SEATTLE NEWS ARCHIVES & FEATURES
Dori: Dad calls summer swim league’s gender changes `child abuse,’ moves family out of WA state
Aug 12, 2022, 4:17 PM

(Photo by Terry Pierson/The Press-Enterprise via Getty Images)
(Photo by Terry Pierson/The Press-Enterprise via Getty Images)
After more than 40 years, changes coming to the Greater Seattle Summer Swim League for 2,000 kids between Woodway and Federal Way have “destroyed” the seasonal outdoor program, according to one dad who says he’s moving his family out of Washington state to seek athletic fairness for his teen daughter.
That’s what Snohomish County parent Steve Abramowicz told Tuesday’s Dori Monson Show just hours before the man’s family packed up for Tennessee.
The tipping point for his family’s departure?
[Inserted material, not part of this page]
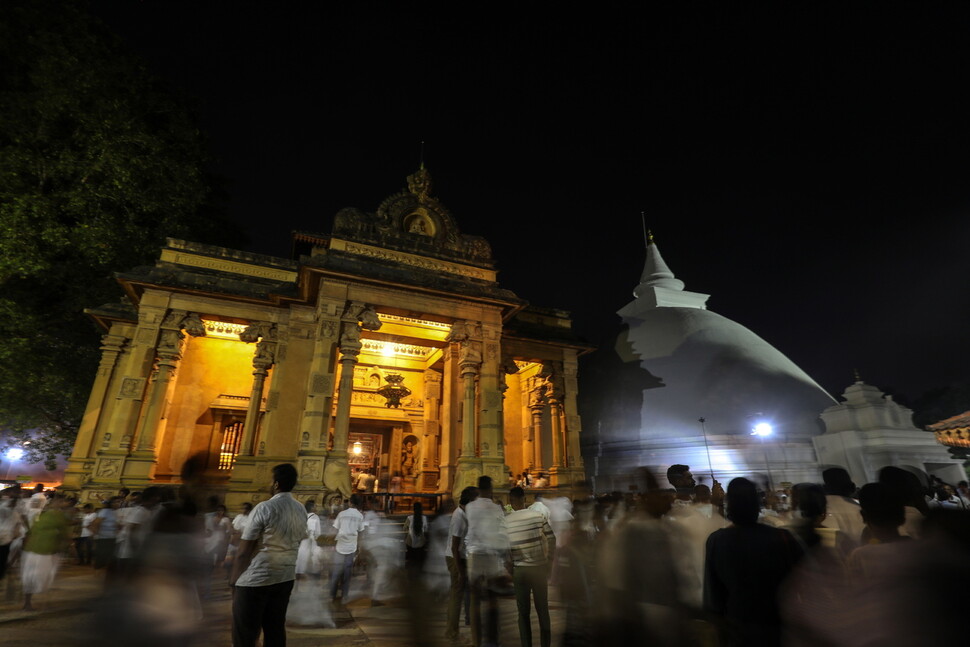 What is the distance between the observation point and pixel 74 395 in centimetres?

A cluster of GSSSL by-law changes that “allows some pretty sketchy stuff,” according to Abramowicz, who describes himself as “just a concerned dad.”
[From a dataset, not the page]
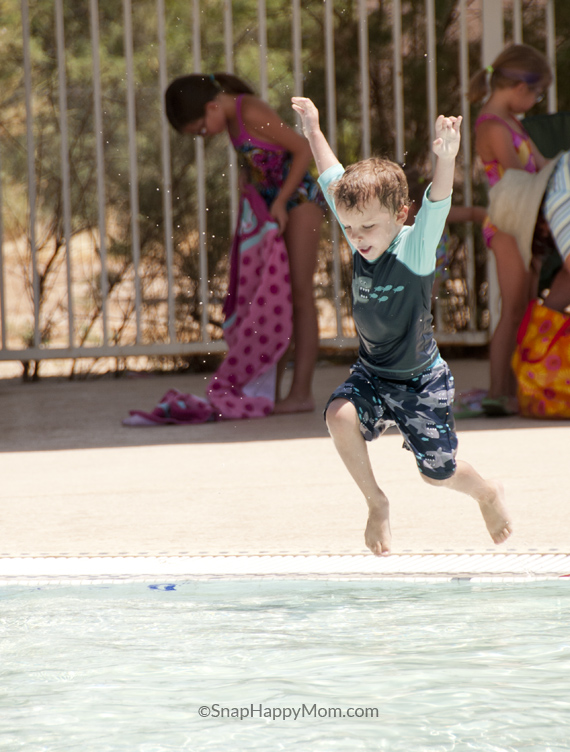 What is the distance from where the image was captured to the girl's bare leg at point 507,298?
5668 millimetres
He cites new rules that mean “girls locker rooms have to open to men” and allow roving “equity officers – unscreened, no background checks” to roam around the league’s 16 swim clubs, asking youth “sexual orientation questions.”
Changes would affect swimmers at Arbor Heights, Gregory Seahurst, Kent, Lakeridge, Marine Hills, Normandy Park, Olympic View, and Twin Lakes swim clubs in the southern division. In the north division, this involves Aqua Club, Blue Ridge, Innis Arden, Klahaya, Sand Point, Sheridan Beach, View Ridge, and Wedgewood clubs.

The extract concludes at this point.